Canada has a new COVID-19 hotspot, as Manitoba has overtaken Alberta as the province with the highest COVID-19 infection rate per capita.

Canada has a new COVID-19 hotspot, as Manitoba has overtaken Alberta as the province with the highest COVID-19 infection rate per capita.
As of Sunday, Manitoba has a seven-day average daily infection rate of 33.1 COVID-19 cases per 100,000 people, according to data compiled by Health Canada. 
Alberta’s daily infection rate dropped to a seven-day average of 32.9 COVID-19 cases per day, Health Canada reported. 
Manitoba was the last province west of the Maritimes to experience a third wave, driven by more contagious variants of concern and exacerbated by people who declined to adhere to pandemic restrictions, public health officials said
The number of daily infections in Manitoba has surged in recent weeks, culminating in a single-day provincial pandemic record of 560 new COVID-19 cases on Thursday.
In Alberta, the third wave peaked earlier in May and daily case counts are on the way down.
Manitoba has imposed a series of increasingly tough pandemic restrictions in recent weeks, culminating in the closure of gyms, places of worship and indoor restaurant dining rooms on May 9. 
Dr. Jazz Atwal, Manitoba’s deputy chief public health officer, urged Manitobans to follow public health orders and get vaccinated if they haven’t already received a needle or booked an immunization appointment.
“All Manitobans aged 12 and older can now make an appointment for their first dose of vaccine, which will also help bring case numbers, hospitalizations and ICU admissions down in the longer term,” Atwal said in a statement on Sunday.

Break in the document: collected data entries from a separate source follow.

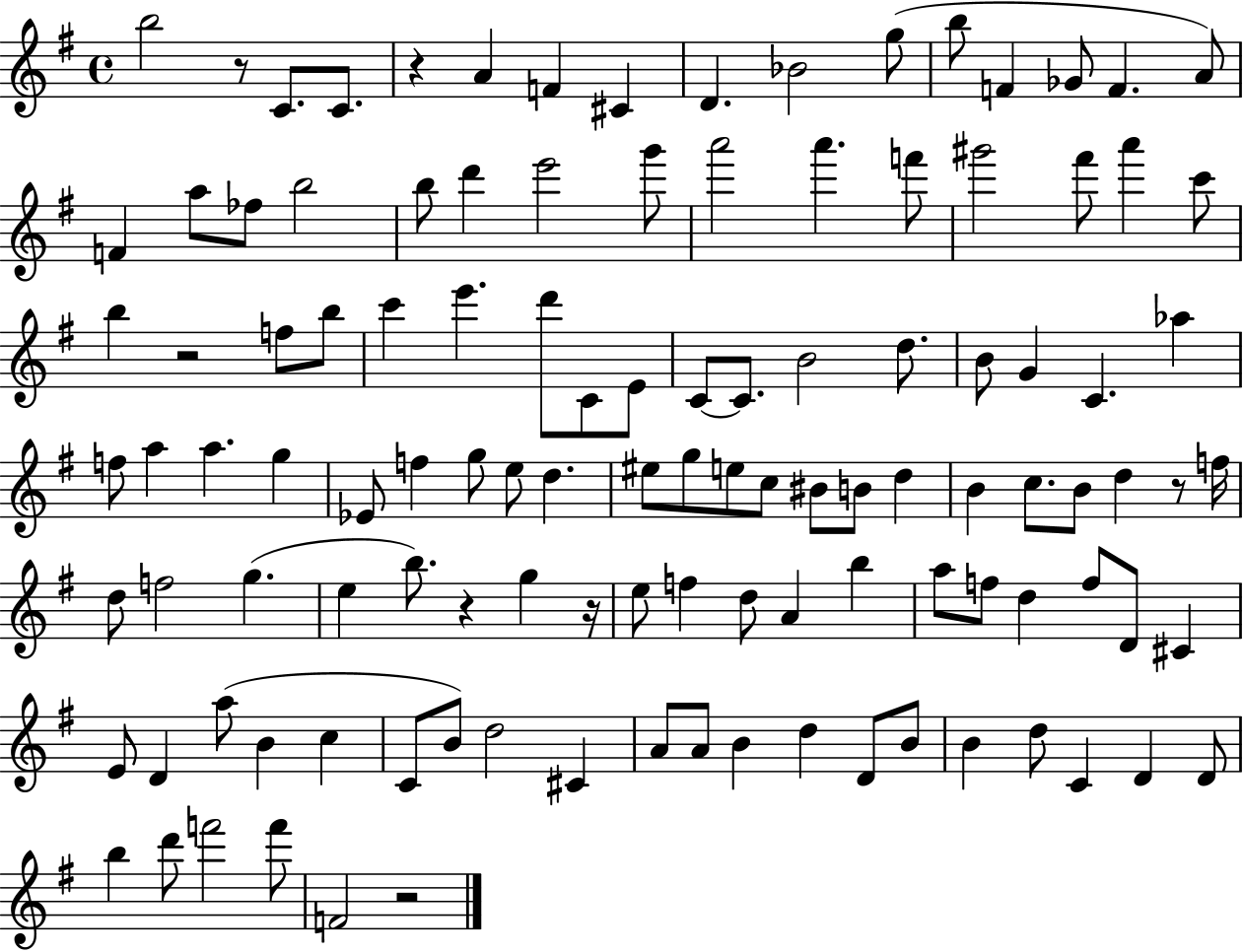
X:1
T:Untitled
M:4/4
L:1/4
K:G
b2 z/2 C/2 C/2 z A F ^C D _B2 g/2 b/2 F _G/2 F A/2 F a/2 _f/2 b2 b/2 d' e'2 g'/2 a'2 a' f'/2 ^g'2 ^f'/2 a' c'/2 b z2 f/2 b/2 c' e' d'/2 C/2 E/2 C/2 C/2 B2 d/2 B/2 G C _a f/2 a a g _E/2 f g/2 e/2 d ^e/2 g/2 e/2 c/2 ^B/2 B/2 d B c/2 B/2 d z/2 f/4 d/2 f2 g e b/2 z g z/4 e/2 f d/2 A b a/2 f/2 d f/2 D/2 ^C E/2 D a/2 B c C/2 B/2 d2 ^C A/2 A/2 B d D/2 B/2 B d/2 C D D/2 b d'/2 f'2 f'/2 F2 z2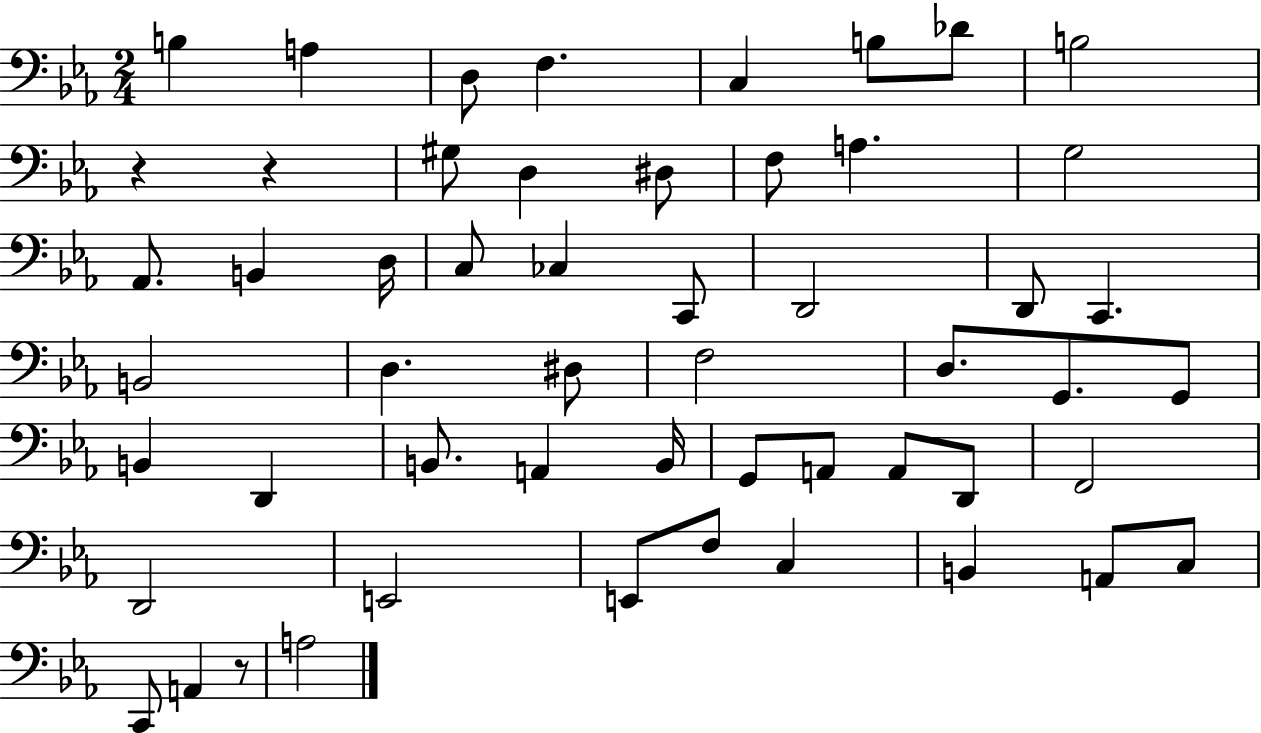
X:1
T:Untitled
M:2/4
L:1/4
K:Eb
B, A, D,/2 F, C, B,/2 _D/2 B,2 z z ^G,/2 D, ^D,/2 F,/2 A, G,2 _A,,/2 B,, D,/4 C,/2 _C, C,,/2 D,,2 D,,/2 C,, B,,2 D, ^D,/2 F,2 D,/2 G,,/2 G,,/2 B,, D,, B,,/2 A,, B,,/4 G,,/2 A,,/2 A,,/2 D,,/2 F,,2 D,,2 E,,2 E,,/2 F,/2 C, B,, A,,/2 C,/2 C,,/2 A,, z/2 A,2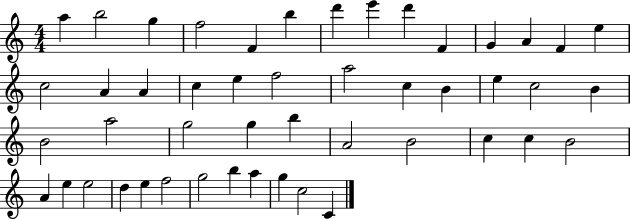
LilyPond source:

{
  \clef treble
  \numericTimeSignature
  \time 4/4
  \key c \major
  a''4 b''2 g''4 | f''2 f'4 b''4 | d'''4 e'''4 d'''4 f'4 | g'4 a'4 f'4 e''4 | \break c''2 a'4 a'4 | c''4 e''4 f''2 | a''2 c''4 b'4 | e''4 c''2 b'4 | \break b'2 a''2 | g''2 g''4 b''4 | a'2 b'2 | c''4 c''4 b'2 | \break a'4 e''4 e''2 | d''4 e''4 f''2 | g''2 b''4 a''4 | g''4 c''2 c'4 | \break \bar "|."
}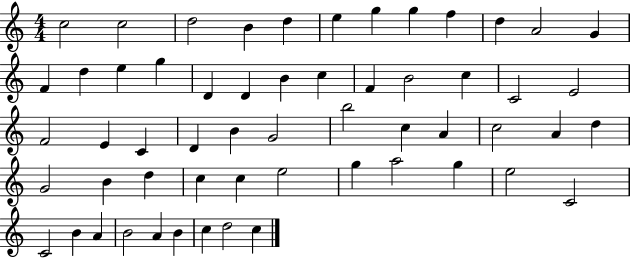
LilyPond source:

{
  \clef treble
  \numericTimeSignature
  \time 4/4
  \key c \major
  c''2 c''2 | d''2 b'4 d''4 | e''4 g''4 g''4 f''4 | d''4 a'2 g'4 | \break f'4 d''4 e''4 g''4 | d'4 d'4 b'4 c''4 | f'4 b'2 c''4 | c'2 e'2 | \break f'2 e'4 c'4 | d'4 b'4 g'2 | b''2 c''4 a'4 | c''2 a'4 d''4 | \break g'2 b'4 d''4 | c''4 c''4 e''2 | g''4 a''2 g''4 | e''2 c'2 | \break c'2 b'4 a'4 | b'2 a'4 b'4 | c''4 d''2 c''4 | \bar "|."
}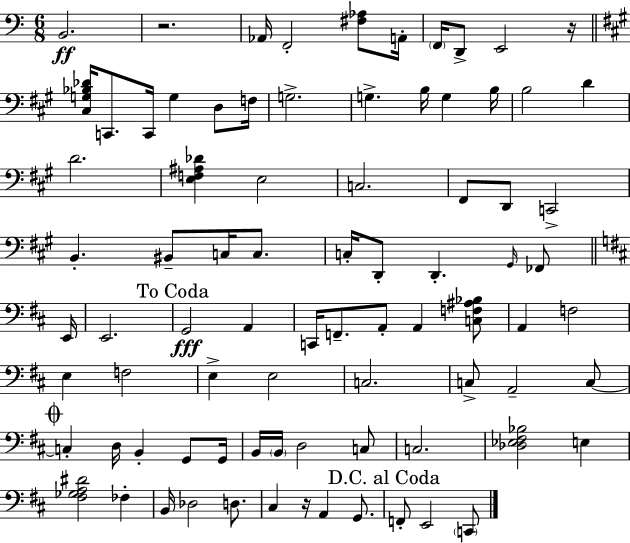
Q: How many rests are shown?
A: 3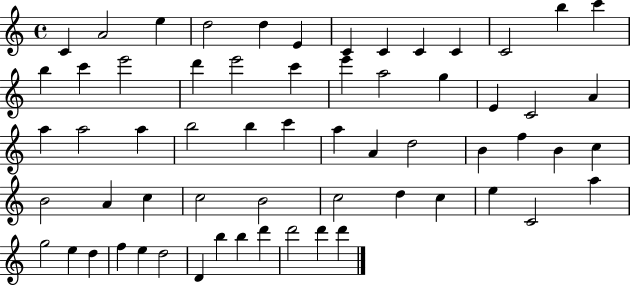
C4/q A4/h E5/q D5/h D5/q E4/q C4/q C4/q C4/q C4/q C4/h B5/q C6/q B5/q C6/q E6/h D6/q E6/h C6/q E6/q A5/h G5/q E4/q C4/h A4/q A5/q A5/h A5/q B5/h B5/q C6/q A5/q A4/q D5/h B4/q F5/q B4/q C5/q B4/h A4/q C5/q C5/h B4/h C5/h D5/q C5/q E5/q C4/h A5/q G5/h E5/q D5/q F5/q E5/q D5/h D4/q B5/q B5/q D6/q D6/h D6/q D6/q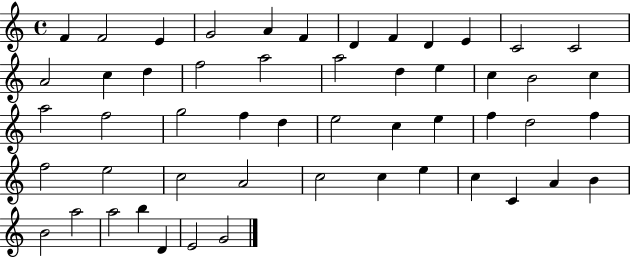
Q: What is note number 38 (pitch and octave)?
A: A4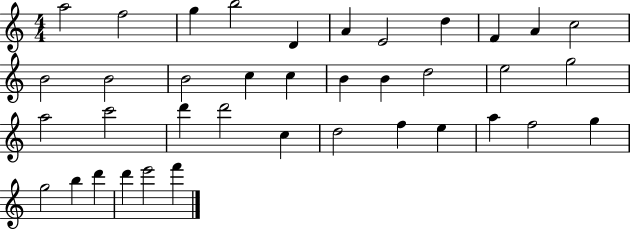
A5/h F5/h G5/q B5/h D4/q A4/q E4/h D5/q F4/q A4/q C5/h B4/h B4/h B4/h C5/q C5/q B4/q B4/q D5/h E5/h G5/h A5/h C6/h D6/q D6/h C5/q D5/h F5/q E5/q A5/q F5/h G5/q G5/h B5/q D6/q D6/q E6/h F6/q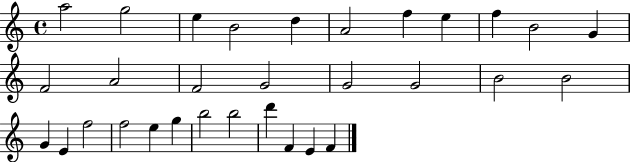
{
  \clef treble
  \time 4/4
  \defaultTimeSignature
  \key c \major
  a''2 g''2 | e''4 b'2 d''4 | a'2 f''4 e''4 | f''4 b'2 g'4 | \break f'2 a'2 | f'2 g'2 | g'2 g'2 | b'2 b'2 | \break g'4 e'4 f''2 | f''2 e''4 g''4 | b''2 b''2 | d'''4 f'4 e'4 f'4 | \break \bar "|."
}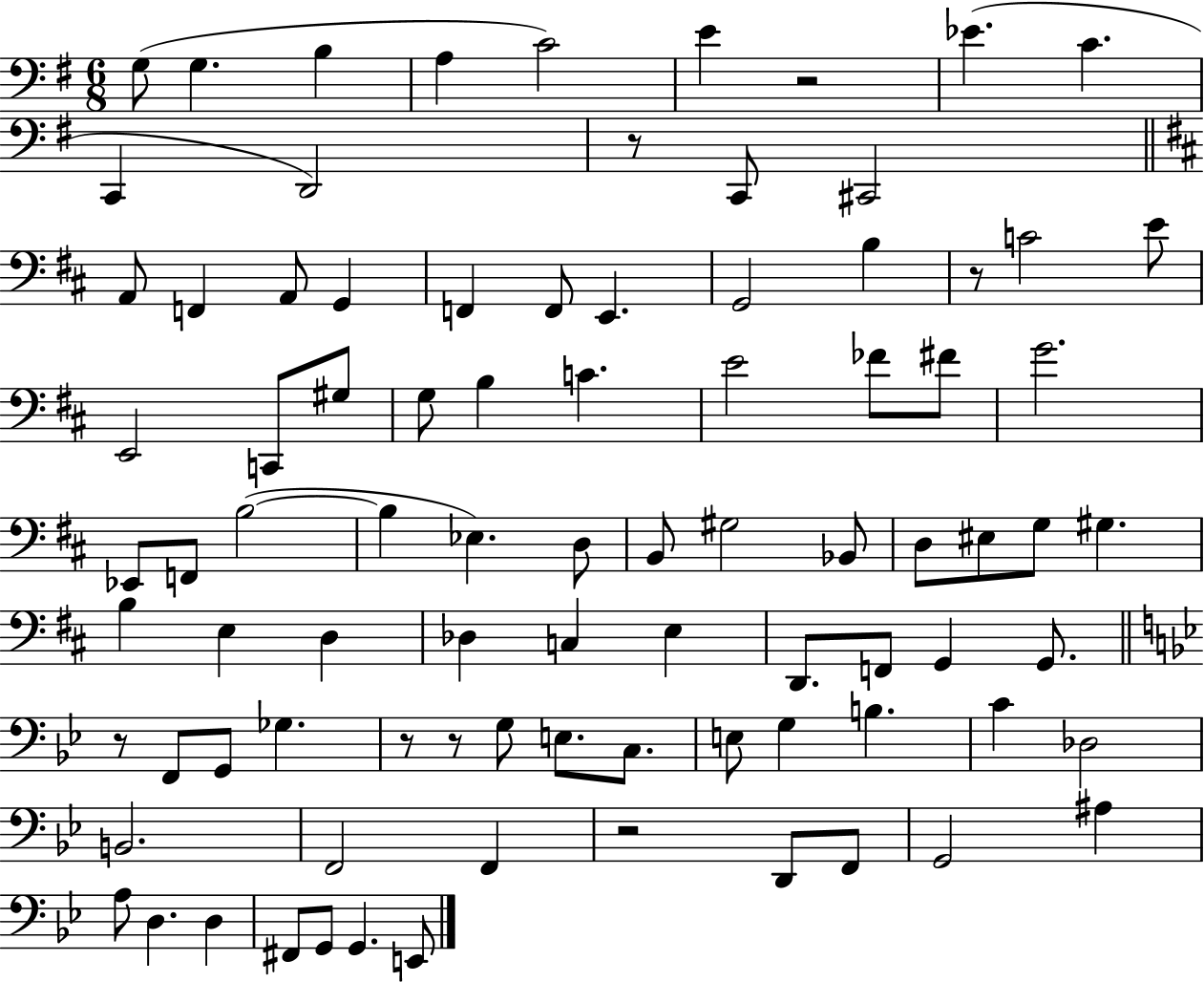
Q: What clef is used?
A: bass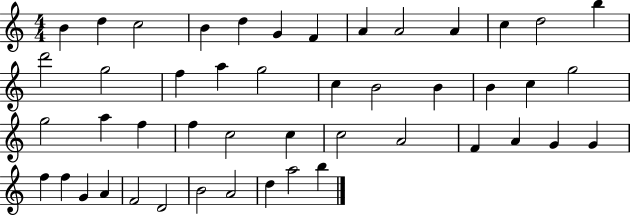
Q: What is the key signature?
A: C major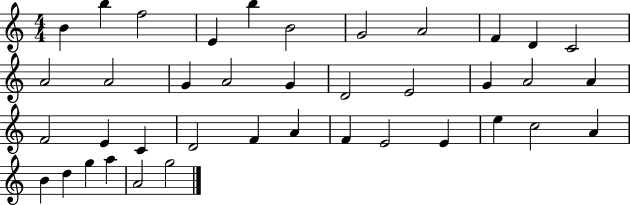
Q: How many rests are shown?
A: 0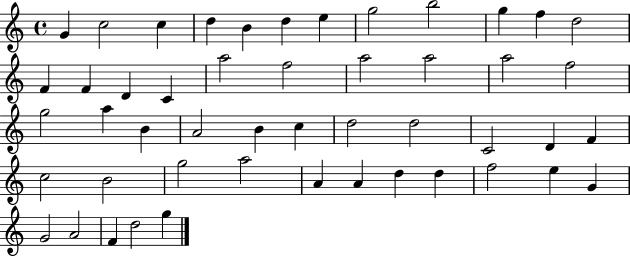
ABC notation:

X:1
T:Untitled
M:4/4
L:1/4
K:C
G c2 c d B d e g2 b2 g f d2 F F D C a2 f2 a2 a2 a2 f2 g2 a B A2 B c d2 d2 C2 D F c2 B2 g2 a2 A A d d f2 e G G2 A2 F d2 g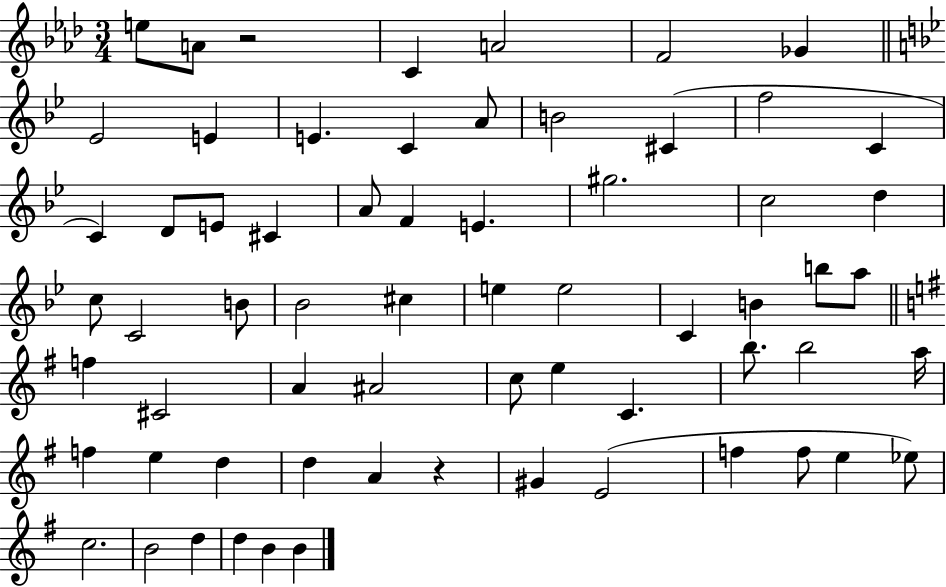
E5/e A4/e R/h C4/q A4/h F4/h Gb4/q Eb4/h E4/q E4/q. C4/q A4/e B4/h C#4/q F5/h C4/q C4/q D4/e E4/e C#4/q A4/e F4/q E4/q. G#5/h. C5/h D5/q C5/e C4/h B4/e Bb4/h C#5/q E5/q E5/h C4/q B4/q B5/e A5/e F5/q C#4/h A4/q A#4/h C5/e E5/q C4/q. B5/e. B5/h A5/s F5/q E5/q D5/q D5/q A4/q R/q G#4/q E4/h F5/q F5/e E5/q Eb5/e C5/h. B4/h D5/q D5/q B4/q B4/q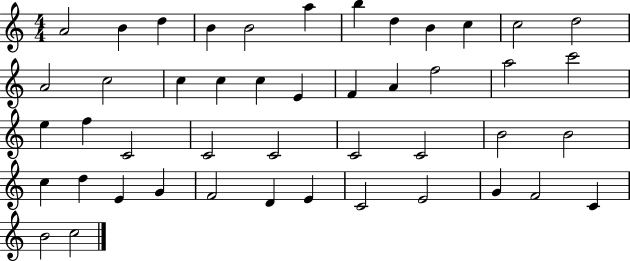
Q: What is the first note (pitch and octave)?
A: A4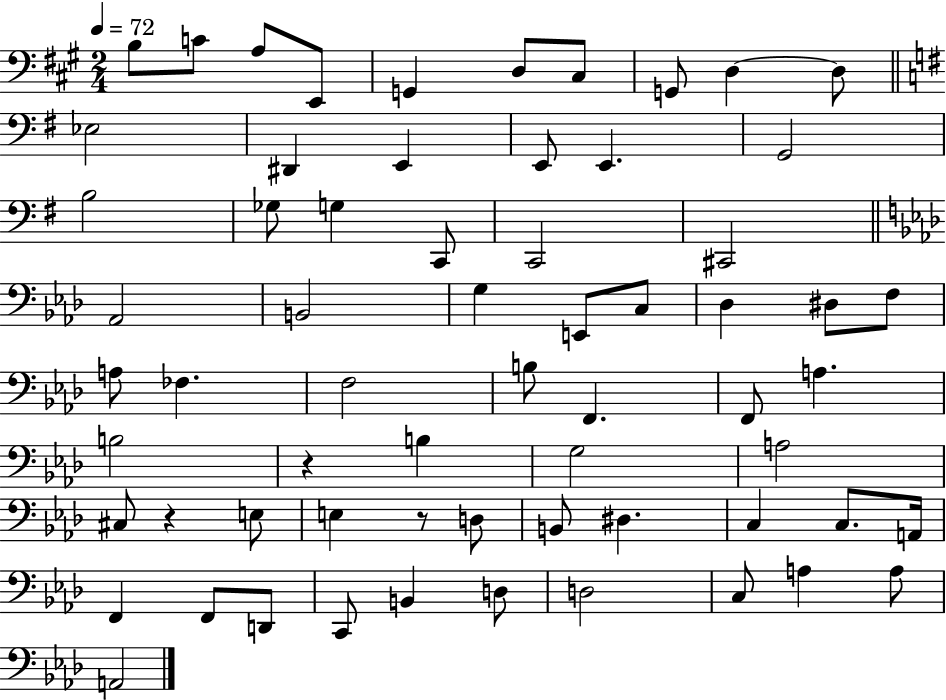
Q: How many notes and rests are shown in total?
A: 64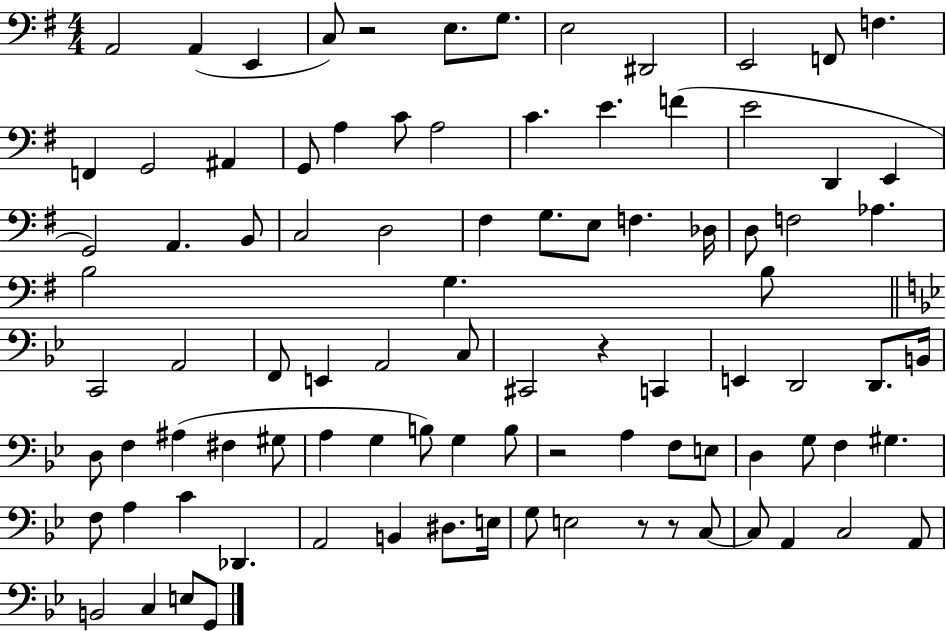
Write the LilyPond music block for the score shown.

{
  \clef bass
  \numericTimeSignature
  \time 4/4
  \key g \major
  a,2 a,4( e,4 | c8) r2 e8. g8. | e2 dis,2 | e,2 f,8 f4. | \break f,4 g,2 ais,4 | g,8 a4 c'8 a2 | c'4. e'4. f'4( | e'2 d,4 e,4 | \break g,2) a,4. b,8 | c2 d2 | fis4 g8. e8 f4. des16 | d8 f2 aes4. | \break b2 g4. b8 | \bar "||" \break \key bes \major c,2 a,2 | f,8 e,4 a,2 c8 | cis,2 r4 c,4 | e,4 d,2 d,8. b,16 | \break d8 f4 ais4( fis4 gis8 | a4 g4 b8) g4 b8 | r2 a4 f8 e8 | d4 g8 f4 gis4. | \break f8 a4 c'4 des,4. | a,2 b,4 dis8. e16 | g8 e2 r8 r8 c8~~ | c8 a,4 c2 a,8 | \break b,2 c4 e8 g,8 | \bar "|."
}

“Public health will continue to look at a number of factors to monitor the situation in Manitoba, and will take further steps to address the public health risk as needed.”
Premier Brian Pallister’s office said the rising case counts reinforce the need for Manitobans to follow public health orders and stay home when it’s possible. 
“Like other provinces and jurisdictions before us, we are in the midst of the third wave and we need everyone on ‘Team Manitoba’ to help protect each other and bend our COVID curve back down,” a spokesperson for the premier said in a statement on Sunday. “We’ve done it before, we can do it again.” 
Opposition NDP Leader Wab Kinew suggested the Progressive Conservative government’s management of the pandemic played a role in Manitoba’s third-wave outbreak.
“This is yet another grim milestone for Manitoba and the Pallister government one that is more than just data points, but real people that are getting sick, isolating from friends and family and even going into hospital,” Kinew said in a statement. 
“It may seem hard to remember right now, but things will get better if we band together, follow public health orders and all get vaccinated as quickly as possible.”
Winnipeg in particular has been hit hard by the pandemic’s third wave. Three-quarters of Manitoba’s 4,440 active cases of COVID-19 are in the Winnipeg health region.
Over the past week, Manitoba has averaged 459 daily COVID-19 cases, including Thursday’s case record.
On Sunday, Manitoba announced 534 new cases. The number of COVID-19 patients in Manitoba hospitals rose by 17 to 258, including a pandemic-record 71 in intensive care.
Modelling unveiled by the province Friday suggests case counts could level off this week but the number of patients in intensive care may continue to rise until the middle of June.